Texto de Hugo Dantas. Revisão de Lauro Reis. Imagem: wikimedia.org.
Veral e Monteiros são duas aldeias perdidas no interior do nosso país. Separa-as a linha, traçada pelo homem, que divide dois concelhos: a Boticas pertence aquela e a Vila Pouca de Aguiar pertence esta. Separa-as ainda o leito, estendido pela natureza, do Tâmega, que cava um fosso entre os de lá e os de cá.
Mas liga-as outra linha, esta traçada pelo homem, feita na perpendicular às outras duas, como para desforrar, como para provar que, se a natureza foi melhor a separar, o homem é melhor a unir. É a ponte de arame de trinta metros construída pelos populares que, desde 1936, fecha o precipício. Não lhe calou, porém, o chamamento ululante. A ponte balança mais do que a de Tacoma Narrows na travessia dos homens com o cabo da enxada ao ombro, de meia dúzia de cabeças de gado, de velhinhas que vão, de velhotes que vêm, com o batuque de três passos, os dos pés e o do cajado. Por ela passam os braços por cansar e os braços já cansados da lavoura, por ela transita a farinha dos moinhos, por ela se chega à missa, se chega desde Veral ao autocarro que parte de Monteiros para Vila Pouca e se encaminham, ora em um sentido, ora em outro, os transeuntes enlutados para os funerais ou as sossegadas romagens às discretas festas de Verão.
No Alto Tâmega, a Iberdrola está a construir uma barragem contra as águas do rio, como poderia saber quem se aproximasse dos editais afixados em cada uma das povoações.

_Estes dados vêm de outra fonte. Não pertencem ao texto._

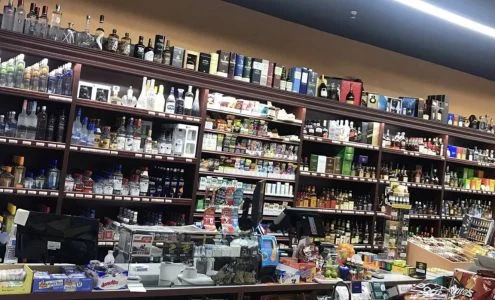 Louie's Liquor business photo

Neste troço fluvial, as águas vão ascender até submergirem a ponte de arame. E é assim que uns poucos passos, ora de gente, ora de bestas, se converterão em sessenta quilómetros, e poucos minutos se converterão, entre curvas, encostas, subidas e descidas, em uma hora e meia de viagem sobre as rodas de um automóvel. Enquanto o resto do mundo encurta distâncias e encerra em escassas horas o que às gerações dos antepassados tomava meses e dias, Veral e Monteiros vão em contramão com o futuro, fazem marcha à ré no tempo, recuam até ao século vinte, até 1936, e os seus populares já não serão apenas velhos, mas autênticos antepassados. Nem se pode dizer que Veral e Monteiros, como os seus habitantes, têm pernas cansadas, que não são capazes de acompanhar a marcha inexorável do progresso. Seria melhor dizer que estão a ser violentamente atirados para trás, com o mesmo ímpeto com que as águas do Tâmega aparecerão um dia a afogar a ponte de arame e a inundar as hortas à borda da água da senhora Palmira, que aqui viveu cada um dos seus setenta e seis anos.
Ninguém sabe se a ponte será mudada de sítio ou se será assegurada de outra forma uma travessia pedonal. As cartas da Iberdrola que chegam ao correio dos poucos moradores precedem, com uma procissão de incertezas e temores, essa enchente que tragará a ponte e acabará por afogar Veral e Monteiros, quando for cortada essa artéria em que ainda fluía um sangue a gelar, de velhice, mas onde em breve só a água do Tâmega, em que se misturam a candura e a crueldade próprias da natureza, passará.
E, se assim for, o homem baterá a natureza, já não a unir, mas a separar. E uns homens baterão outros homens, os que fecharam o abismo em 1936, não por unirem melhor, mas por separarem novamente.